Background: Meta-analysis shows that women with diabetes have a 20% increased risk of breast cancer and also an increased risk for distant metastasis and mortality. The molecular mechanisms for distant metastasis and mortality in breast cancer patients with diabetes are not very well understood.
Methods: We compared the effect of physiological (5 mM) and diabetic (10 mM) levels of glucose on malignant breast epithelial cell invasion and stemness capabilities. We performed microRNA array to determine the dysregulated microRNAs in hyperglycaemic conditions and performed functional and molecular analysis of the gene targets.

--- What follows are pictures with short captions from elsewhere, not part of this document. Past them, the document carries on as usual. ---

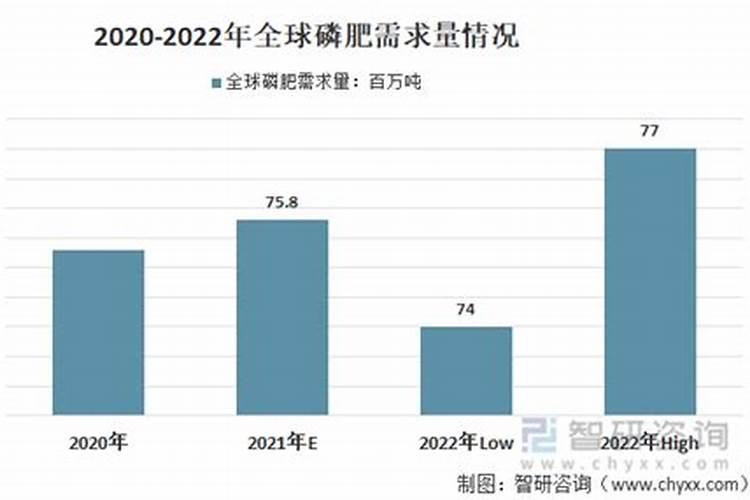 猪价“涨势变脸”,鱼市萎靡螃蟹“跳水”,磷肥大幅走强,咋了？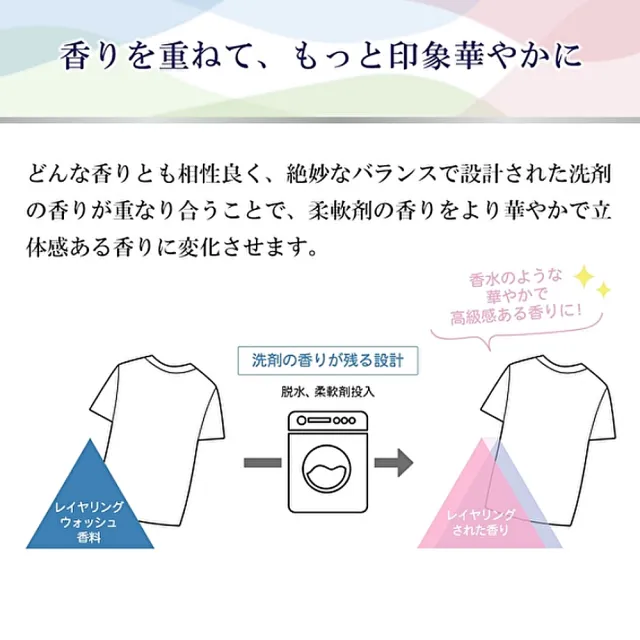 【日本FaFa】日本熊寶貝 香水系列抗菌洗衣精補充包900g(優雅皂香)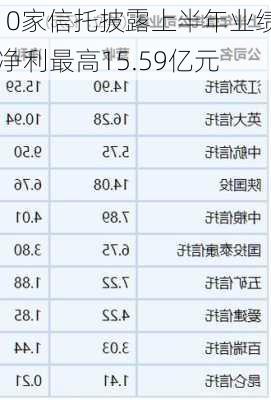 10家信托披露上半年业绩 净利最高15.59亿元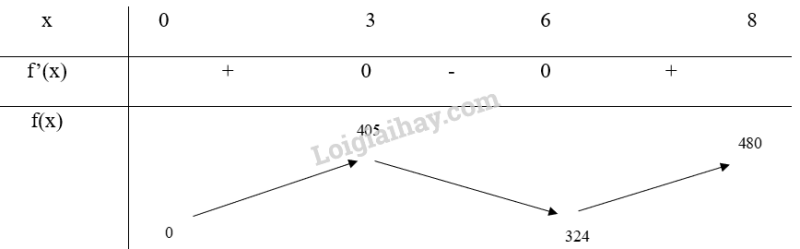 Giải SGK Toán 12 Bài 1 (Chân trời sáng tạo): Tính đơn diệu và cực trị của hàm số (ảnh 6)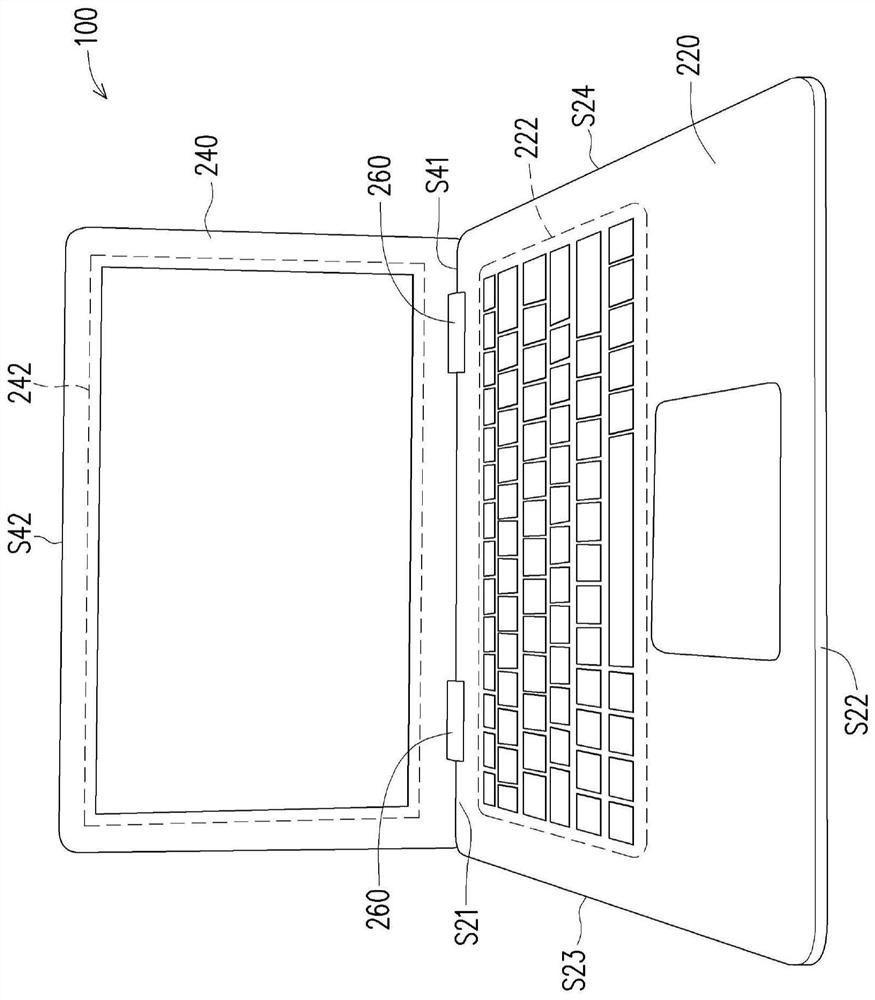 Notebook computer and operation method thereof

Results: Hyperglycaemia leads to hyperactivation of cancer stem cell pool and enhances invasive ability of breast cancer cells. MiR-424 seems to be a key regulator of cancer cell stemness and invasion. Knockdown of miR-424 in cancer cells under euglycaemic conditions leads to enhanced invasion and stem cell activity, whereas ectopic expression of miR-424 in cancer cells under hyperglycaemic conditions results in suppressed invasion and stem cell activity. Cdc42, a target of miR-424, influences cancer stem cell activity by positively regulating prdm14 through activation of pak1 (p-21-activated kinase 1) and stat5.
Conclusions: Our findings establish miR-424→︀cdc42→︀prdm14 axis as a key molecular signalling cascade that might influence breast cancer progression in diabetic patients through hyperactivation of cancer stem cells.